Für die Bauleitplanung am ausgewählten Standort spricht auch, dass derzeit und auf absehbare Zeit in der Gemeinde Rudelzhausen keine anderweitigen geeigneten Gewerbeflächen für den Betrieb der Fa. Stanglmayr zur Verfügung stehen. Die Ausweisung eines bislang gänzlich baulich ungenutzten Gebiets als Gewerbegebiet oder die Erweiterung eines vorhandenen Gewerbegebiets in den von baulicher Nutzung bislang freien Außenbereich hinein an anderer Stelle ist mangels der Verfügbarkeit von Flächen ebenfalls nicht möglich.
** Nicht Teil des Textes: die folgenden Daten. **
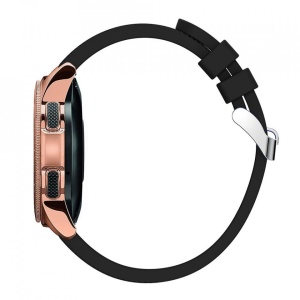 Curea Samsung Galaxy Watch 42MM-Tech Protect Smoothband-Black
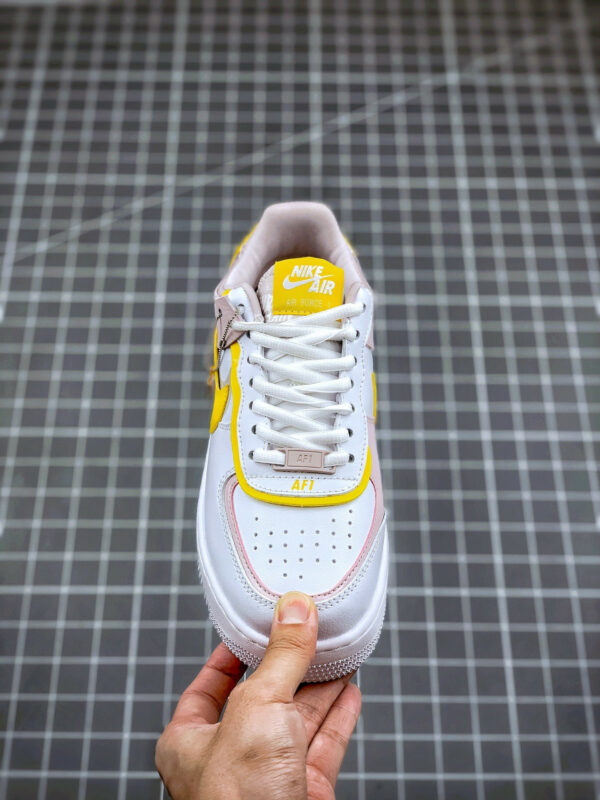 Nike Air Force 1 Shadow White Yellow CJ1641-102 For Sale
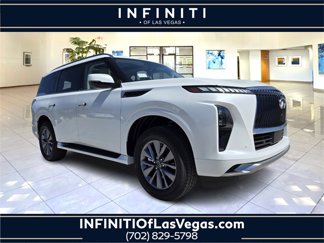 New 2025 INFINITI QX80 Pure image 1
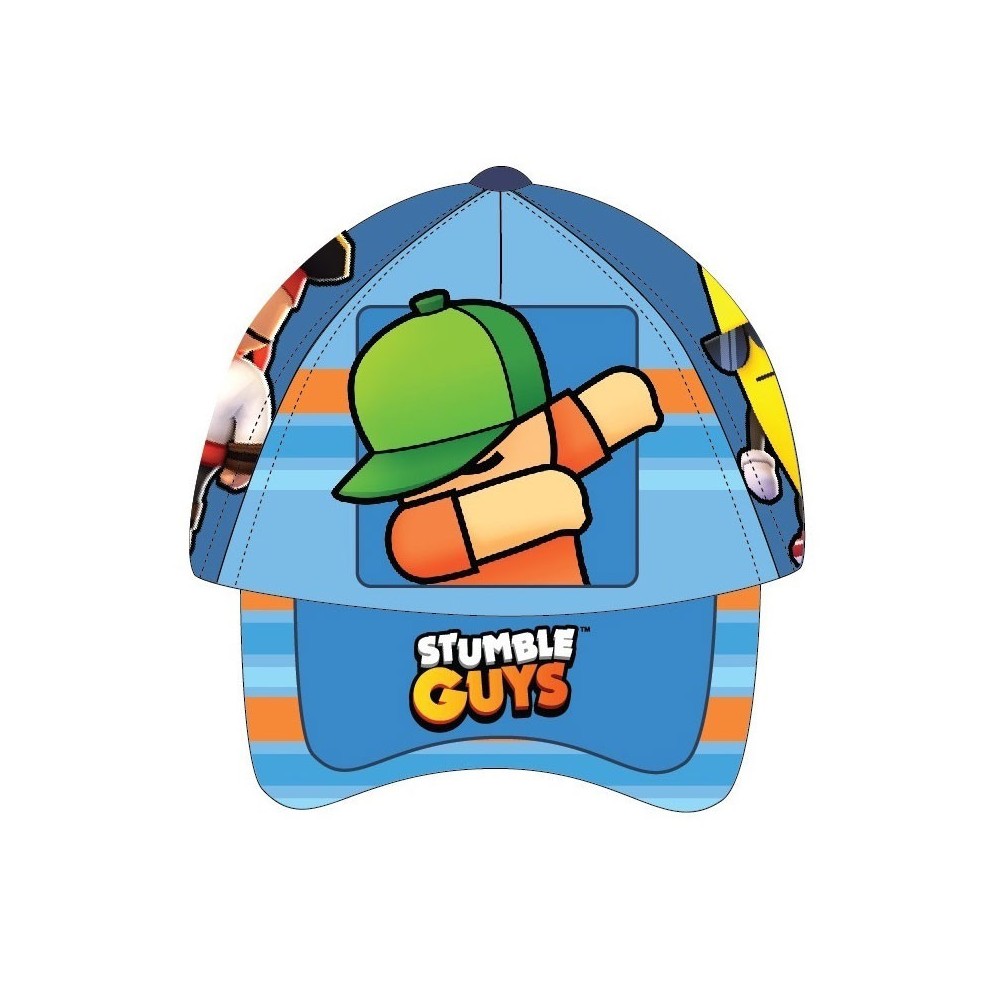 Stumble Guys Dab kids baseball cap 53 cm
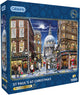 Gibsons - st paul's at christmas (door richard macneil) - 1000 stukjes 68×49cm (b×h) - legpuzzel voor volwassenen
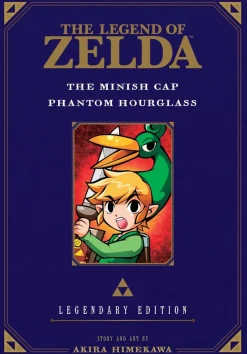 The Legend of Zelda - The Minish Cap / Phantom Hourglass Legendary Edition Manga Paperback Book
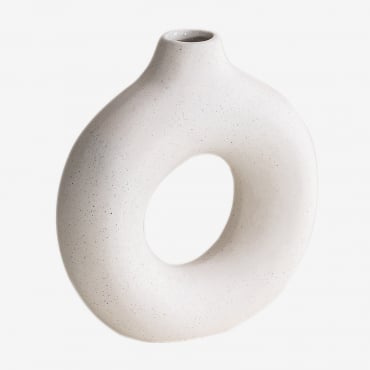 Dalita Ceramic Vase ↑14 Cm - Sklum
Im Übrigen entspricht der Standort wegen seiner bereits vorhandenen baulichen Nutzung auch sehr viel besser der von § 1a Abs. 2 BauGB vorgegebenen Zielsetzung, wonach mit Grund und Boden sparsam umgegangen werden soll und die Wiedernutzbarmachung von Flächen bzw. Nachverdichtung von Flächen Vorrang vor der Inanspruchnahme von bislang baulich nicht genutzten Flächen haben soll. Des Weiteren spricht für den Standort auch seine unmittelbare Anbindung an die FS 42, die wegen der festgesetzten öffentlichen Verkehrsfläche erreicht werden kann, ohne besonders schutzbedürftige Wohnnutzungen zu beeinträchtigen.